The new HGX-1 hyperscale GPU accelerator is an open-source design released in conjunction with Microsoft’s Project Olympus.
HGX-1 does for cloud-based AI workloads what ATX — Advanced Technology eXtended — did for PC motherboards when it was introduced more than two decades ago. It establishes an industry standard that can be rapidly and efficiently embraced to help meet surging market demand.
The new architecture is designed to meet the exploding demand for AI computing in the cloud — in fields such as autonomous driving, personalised healthcare, superhuman voice recognition, data and video analytics, and molecular simulations.

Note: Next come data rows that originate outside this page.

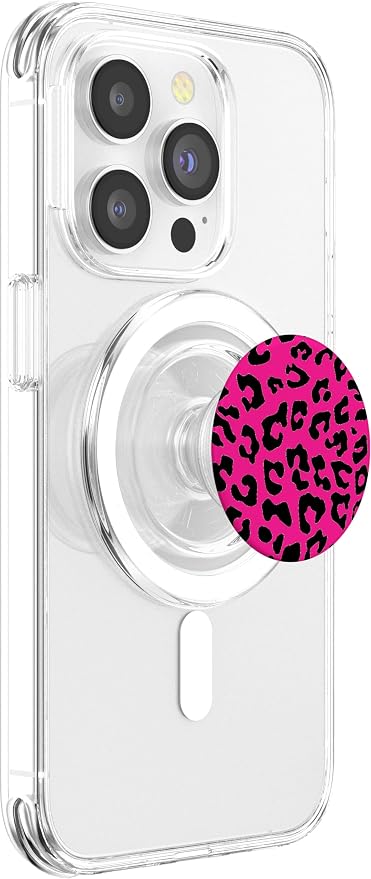 Hot Magenta Pink Leopard Pattern PopSockets Adhesive PopGrip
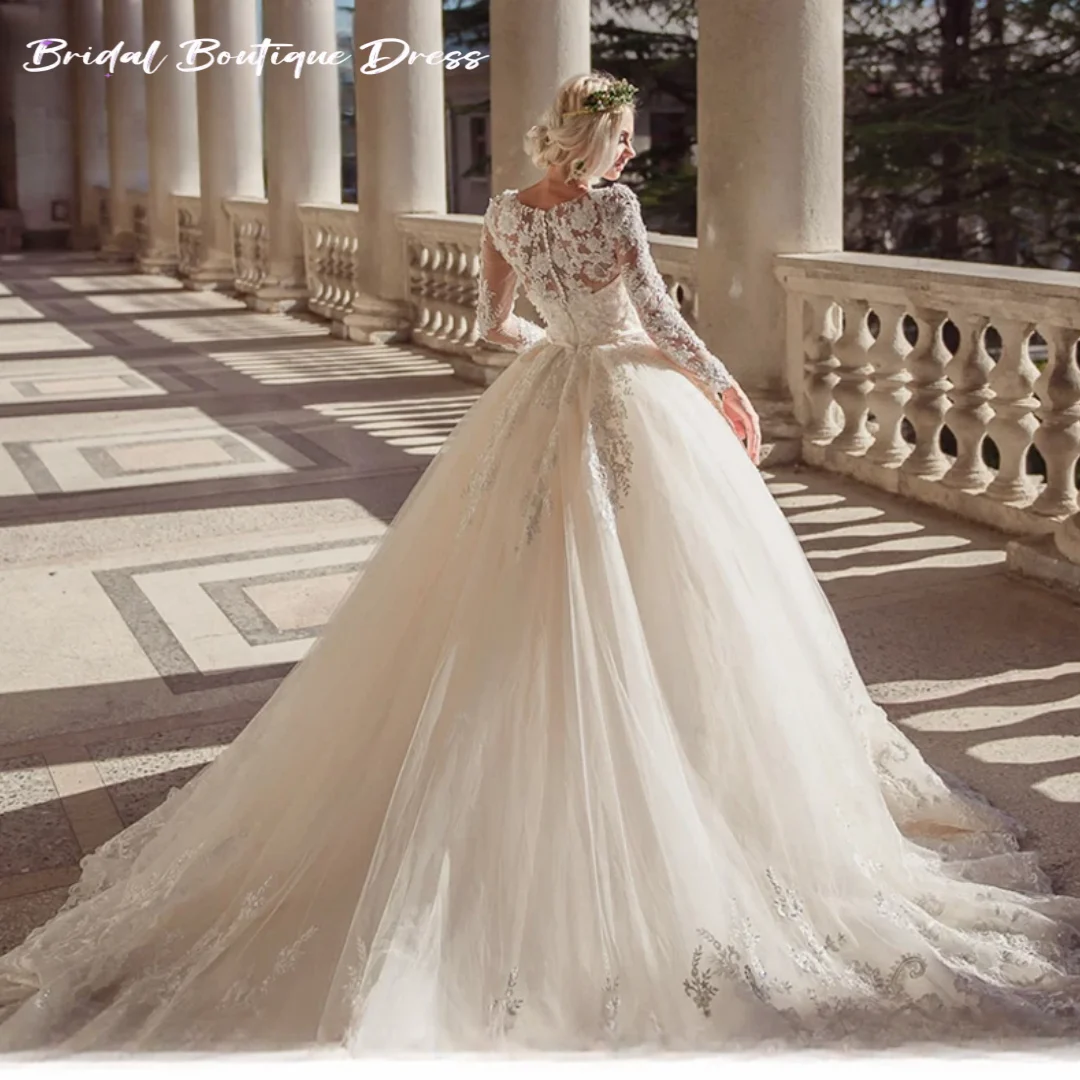 Изысканное кружевное бальное платье по индивидуальному заказу, сексуальное свадебное платье с длинным рукавом и бисером, роскошные свадебные платья принцессы Vestido De Novia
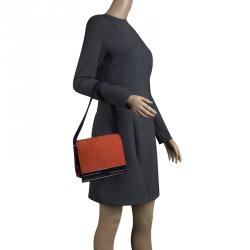 Pre Owned Fendi Orange/Purple Calfhair Flap Shoulder Bag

“AI is a new computing model that requires a new architecture. The HGX-1 hyperscale GPU accelerator will do for AI cloud computing what the ATX standard did to make PCs pervasive today. It will enable cloud-service providers to easily adopt NVIDIA GPUs to meet surging demand for AI computing,” said said Jen-Hsun Huang, Founder and Chief Executive Officer of NVIDIA.
“The HGX-1 AI accelerator provides extreme performance scalability to meet the demanding requirements of fast-growing machine learning workloads, and its unique design allows it to be easily adopted into existing data centers around the world,” wrote Kushagra Vaid, General Manager and Distinguished Engineer, Azure Hardware Infrastructure, Microsoft, in a blog post.
For the thousands of enterprises and startups worldwide that are investing in AI and adopting AI-based approaches, the HGX-1 architecture provides unprecedented configurability and performance in the cloud.
Powered by eight NVIDIA Tesla P100 GPUs in each chassis, it features an innovative switching design — based on NVIDIA NVLink interconnect technology and the PCIe standard — enabling a CPU to dynamically connect to any number of GPUs. This allows cloud service providers that standardize on the HGX-1 infrastructure to offer customers a range of CPU and GPU machine instance configurations.
Cloud workloads are more diverse and complex than ever. AI training, inferencing and HPC workloads run optimally on different system configurations, with a CPU attached to a varying number of GPUs. The highly modular design of the HGX-1 allows for optimal performance no matter the workload. It provides up to 100x faster deep learning performance compared with legacy CPU-based servers, and is estimated at one-fifth the cost for conducting AI training and one-tenth the cost for AI inferencing.